Work item: Return the lines of the data below starting at the one holding "Item preview, Rabbit" and ending at the one holding "Túi xách Chanel Deauville Line AS3257 614384", word for word, leaving every picture out.

Dataset records:
*** Begin section ***

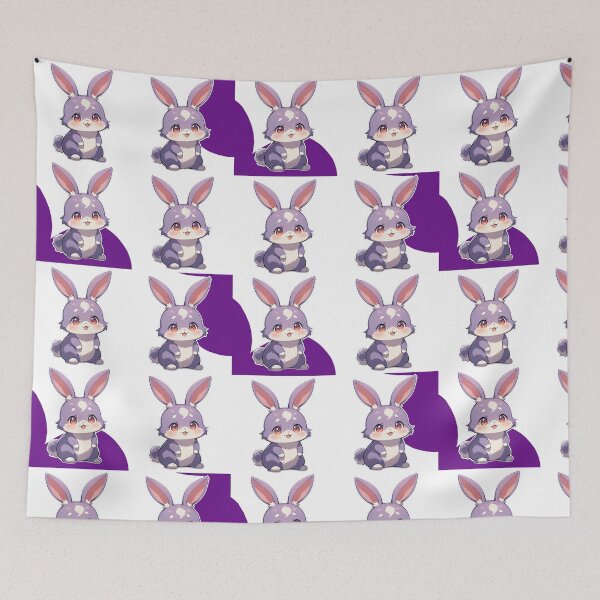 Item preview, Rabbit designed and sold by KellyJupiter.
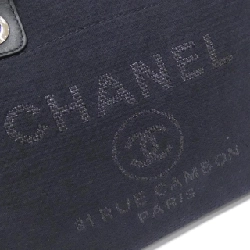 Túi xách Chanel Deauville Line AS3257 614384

*** End section ***
*** Begin section ***

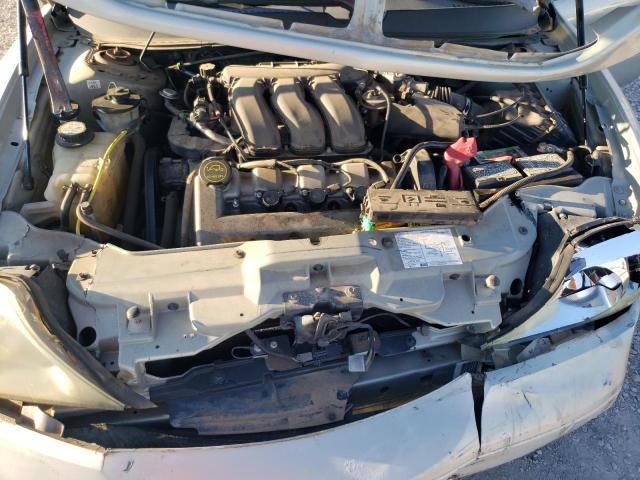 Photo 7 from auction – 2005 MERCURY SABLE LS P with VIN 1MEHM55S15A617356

*** End section ***
*** Begin section ***

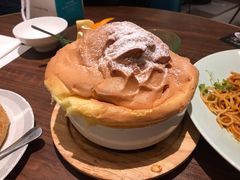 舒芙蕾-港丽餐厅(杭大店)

*** End section ***

Written response:
 Item preview, Rabbit designed and sold by KellyJupiter.
 Túi xách Chanel Deauville Line AS3257 614384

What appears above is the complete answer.